Ogniqualvolta une nazione decide di accanirsi contro un ben preciso capro espiatorio o di adottare misure restrittive contro una determinata componente etnica o religiosa, dal novero di tutti coloro che vengono perseguitati o comunque reputati indesiderati dalle autorità locali, vengono escluse le celebrità ricche e famose, un po’ come se la fama planetaria potesse addolcire quelle medesime componenti culturali che si cerca ciecamente di attaccare e di dare in pasto al popolino.

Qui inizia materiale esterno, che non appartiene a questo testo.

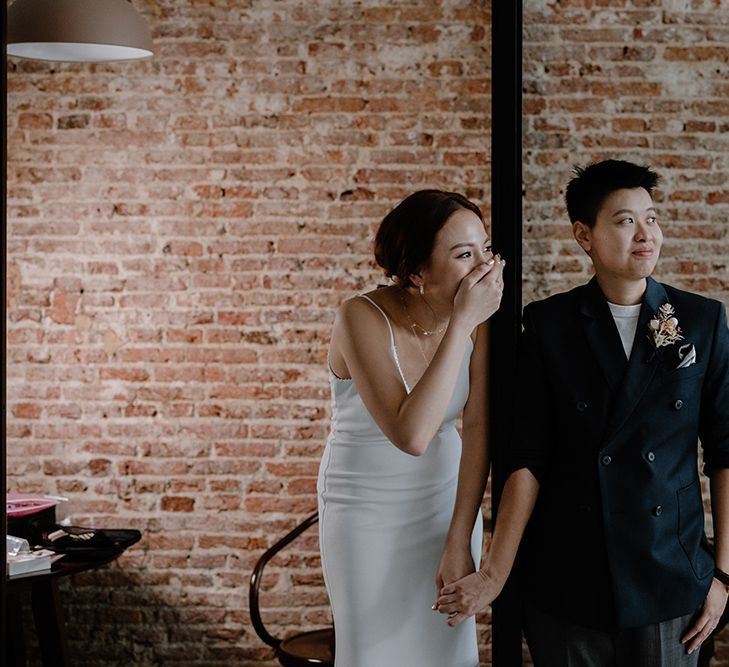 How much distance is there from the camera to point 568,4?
179 cm

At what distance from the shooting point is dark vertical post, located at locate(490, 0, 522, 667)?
1.74m

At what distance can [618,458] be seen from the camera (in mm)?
1553

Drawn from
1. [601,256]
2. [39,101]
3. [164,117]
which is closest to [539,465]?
[601,256]

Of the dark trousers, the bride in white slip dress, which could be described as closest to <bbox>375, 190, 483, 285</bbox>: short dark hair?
the bride in white slip dress

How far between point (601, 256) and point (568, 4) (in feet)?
1.72

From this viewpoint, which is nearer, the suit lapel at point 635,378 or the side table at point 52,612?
the suit lapel at point 635,378

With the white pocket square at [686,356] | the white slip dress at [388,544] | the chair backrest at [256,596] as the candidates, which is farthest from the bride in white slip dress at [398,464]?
the chair backrest at [256,596]

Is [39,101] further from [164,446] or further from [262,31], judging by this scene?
[164,446]

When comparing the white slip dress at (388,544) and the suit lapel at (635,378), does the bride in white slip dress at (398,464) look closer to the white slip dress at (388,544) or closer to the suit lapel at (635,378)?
the white slip dress at (388,544)

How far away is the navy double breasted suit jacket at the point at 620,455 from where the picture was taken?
1.55 meters

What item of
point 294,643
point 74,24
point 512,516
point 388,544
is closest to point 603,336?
point 512,516

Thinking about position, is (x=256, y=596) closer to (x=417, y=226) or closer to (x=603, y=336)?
(x=417, y=226)

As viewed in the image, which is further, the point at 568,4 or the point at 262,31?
the point at 262,31

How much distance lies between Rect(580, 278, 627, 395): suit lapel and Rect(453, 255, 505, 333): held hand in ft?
0.52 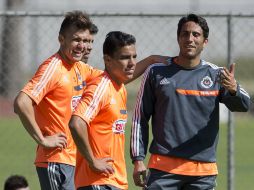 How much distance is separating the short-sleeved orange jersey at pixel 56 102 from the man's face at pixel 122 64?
54 cm

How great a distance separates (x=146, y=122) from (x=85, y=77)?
78 centimetres

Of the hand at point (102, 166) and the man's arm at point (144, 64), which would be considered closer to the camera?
the hand at point (102, 166)

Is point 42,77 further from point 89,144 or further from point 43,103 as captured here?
point 89,144

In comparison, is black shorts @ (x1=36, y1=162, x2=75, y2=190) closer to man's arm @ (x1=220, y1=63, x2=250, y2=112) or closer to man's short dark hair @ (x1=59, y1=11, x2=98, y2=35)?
man's short dark hair @ (x1=59, y1=11, x2=98, y2=35)

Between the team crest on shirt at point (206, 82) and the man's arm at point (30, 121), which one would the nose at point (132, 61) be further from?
the man's arm at point (30, 121)

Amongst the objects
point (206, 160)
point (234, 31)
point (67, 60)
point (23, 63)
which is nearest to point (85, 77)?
point (67, 60)

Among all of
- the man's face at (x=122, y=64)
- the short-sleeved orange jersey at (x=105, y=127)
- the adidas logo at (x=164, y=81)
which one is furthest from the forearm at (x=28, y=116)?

Accade così che nell’America di Trump che ha recentissimamente deciso di impedire gli ingressi sul patrio suolo a tutti coloro che hanno avuto la “sfortuna” di nascere all’interno di sette nazioni mediorientali (nonostante l’assoluta assenza di un nesso tra gli attacchi terroristici registrati negli Usa e le nazioni in questione), l’amministrazione a Stelle e Strisce decida di fare qualche eccezione proprio in base alla fama e alla ricchezza dei cittadini non graditi e di concedere una deroga alla misura a Asghar Frahadi, candidato agli Oscar come miglior regista per il film “il Cliente” ed autorizzato dall’entourage di Trump a presenziare alla cerimonia, nonostante quella cittadinanza iraniana che ne impedirebbe l’ingresso in America fino a nuovo rodine.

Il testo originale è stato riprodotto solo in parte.